When she realized that the bump pressing against her hip was her cell phone, she pulled it out, stared at it a moment, then dialed. Though it was her mom’s cell she’d dialed, her dad answered. After thirty-five years together, neither needed nor wanted much privacy from the other.

Alia caught him up on the public aspects of the case before her mom came on the line. “Tell me what’s new, chica.”

“That’s cô bé to you.”

“Don’t get sassy, girl. Have you had a date since we last talked?”

Alia ran through her encounters with Landry, but none of them technically qualified as a date. Except...”A man cooked dinner for me this evening.”

In her mom’s book, that was beyond dating and darn close to being engaged. “Really? What did he fix?”

She recited the menu, then teasingly added, “That was after he took me out for Vietnamese for lunch.”

“Ooh.” Lien sounded somewhere between envious and thrilled. “So what are you doing for this man that makes him want to feed you so well?”

For a moment, Alia wished she could give a naughty reply that would make her mother laugh. Instead, she went for blunt truth. “I’m helping find out who murdered his parents.”

The silence on the line made clear that her mom’s light mood had vanished like a helium balloon in typhoon winds. “He’s Admiral Jackson’s son.”

“Yes.”

“He’s a part of your investigation.”

“Yes.”

“You’re not supposed to get personally involved with him.”

“No, I’m not.” Alia watched lights streak across the distant sky and wished they were shooting stars or lightning. She could make a wish or sleep well in her warm, dry cocoon of a bedroom while nature raged outside.
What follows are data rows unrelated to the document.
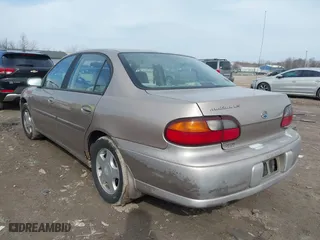 2000 Chevrolet Malibu LS with VIN 1G1NE52JXY6160219, listed as a IAAI auction lot 41806027 with 139,790 mi miles. Bid and sale history available at carsss.com. Image 3.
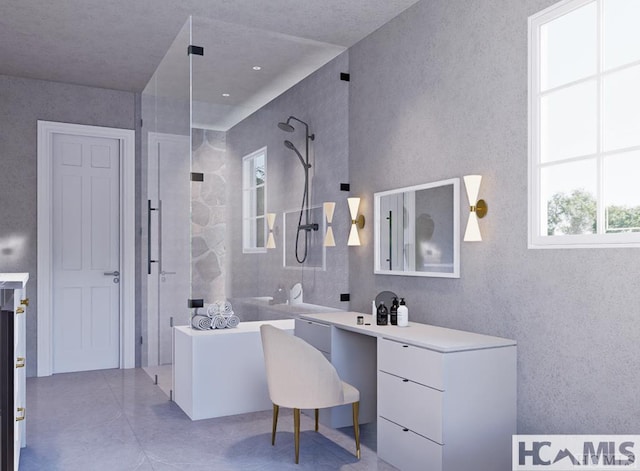 full bath with a shower, vanity, and a bath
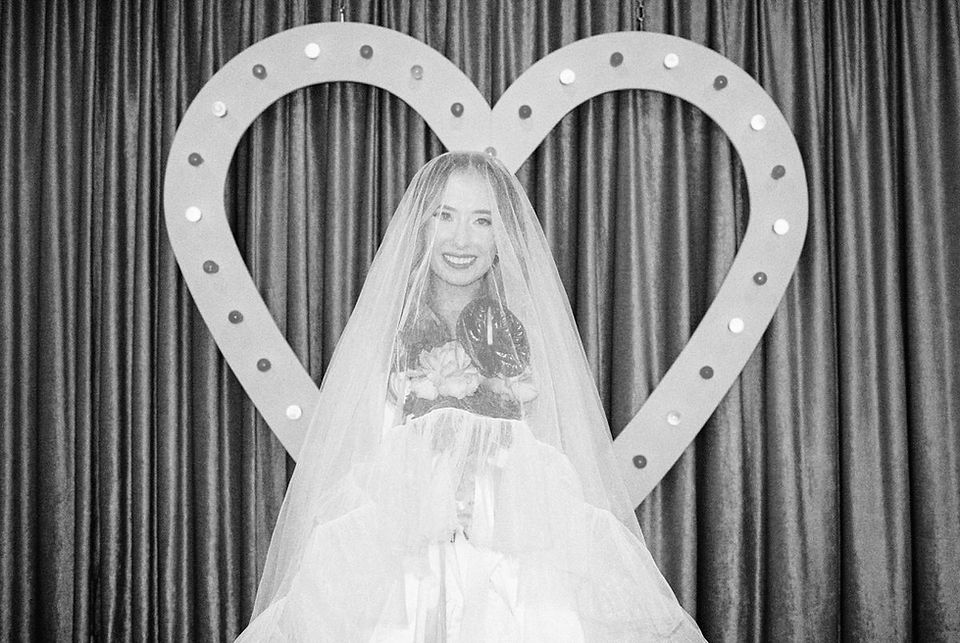 35mm film photo by las vegas elopement photographer brazen honey films. couple gets married at sure thing chapel with pink vintage vibes.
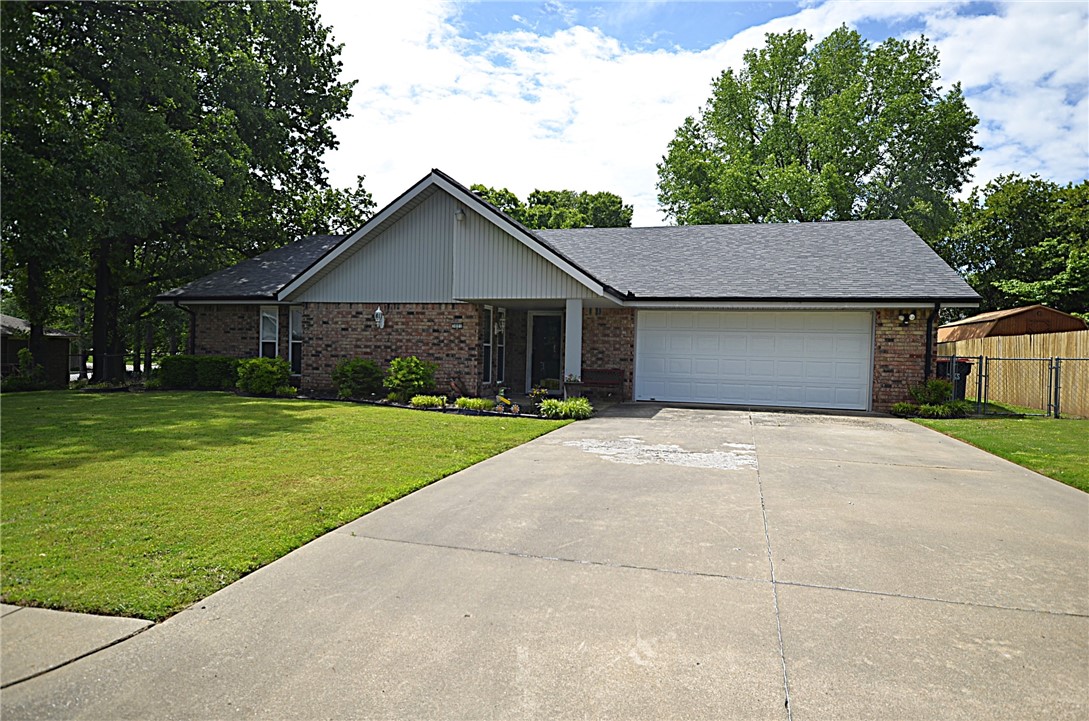 Don't miss out on this amazing opportunity to make this well maintained home yours. With easy access to I-49, this home is located on a quiet street in an established neighborhood. Large oak trees along the side provide shade in the hotter days that are just around the corner. The large LR features a wood burning fireplace with a gas starter with a beautiful brick surround. The kitchen area offers lots of cabinets with plenty of countertop space for all your cooking needs, plus a breakfast eating area with views of the back yard for that early morning meal with family. The dining area is conveniently located next to the kitchen with room for family and friends to enjoy an evening meal together. The outdoor patio is perfect for gathering with friends and neighbors for that BBQ dinner that everyone enjoys. Inside the fully fenced back yard is a large 10x12 storage building for all your lawncare equipment. The large back yard is the perfect area for the kids or your furry friends to run/play to their hearts content.
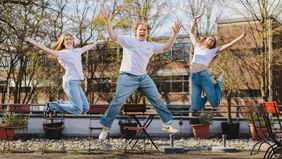 Drei junge Menschen bei einem Luftsprung.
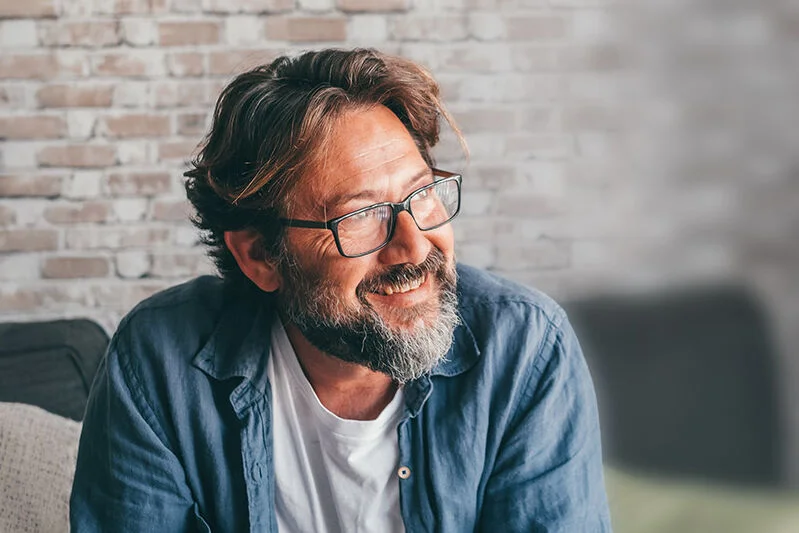Mann sitzt im Wohnzimmer auf einem Sofa, schaut nachdenklich.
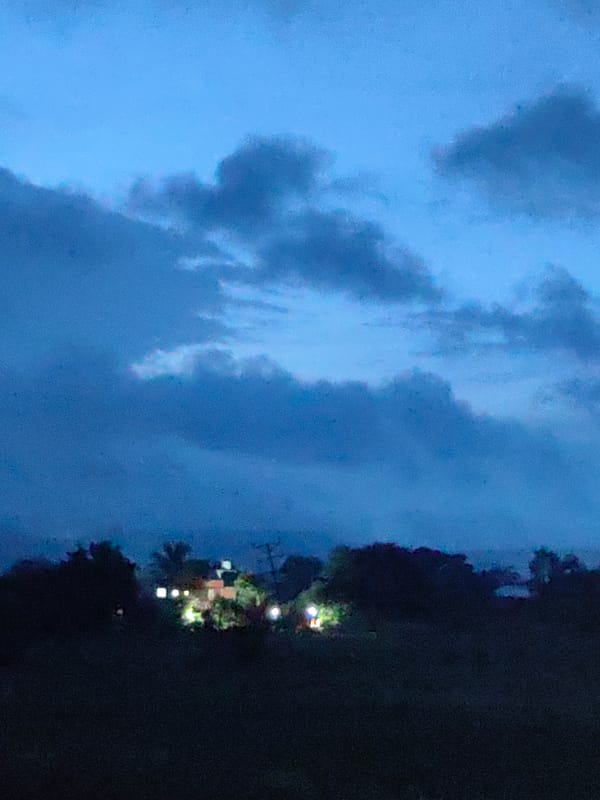 Khuldabad at dusk: misty hills, fields, and local landmarks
But based on their location and movement, she was pretty sure the lights belonged to a medical helicopter, picking up or dropping off a critical patient.
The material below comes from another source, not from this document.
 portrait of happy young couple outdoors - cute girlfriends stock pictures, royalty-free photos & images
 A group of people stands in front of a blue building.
“Landry is a good guy, Mom,” she said quietly. “He...he gets me. He likes me. And I like him.”

For a moment she was transported back to Hawaii and the day she and Kanani had become official. Do you like me? he’d asked solemnly, and she’d shrugged. I like your toys. And your bike. Plus, I can run faster and jump higher than you, so that’s good.

But I can skateboard better, and I can surf. So d’ya want to be my girlfriend?

Seeing that they’d been pretty equally matched, she’d agreed. Thankfully, her tastes had matured since then. She liked Landry’s eyes...smile...body. His sense of humor and his intelligence. The way he could say so much with only a look, and the way he’d survived a childhood so ugly that it made her hurt for him. She figured she could outrun, outjump and outskateboard him, and she didn’t give a good damn if he could surf.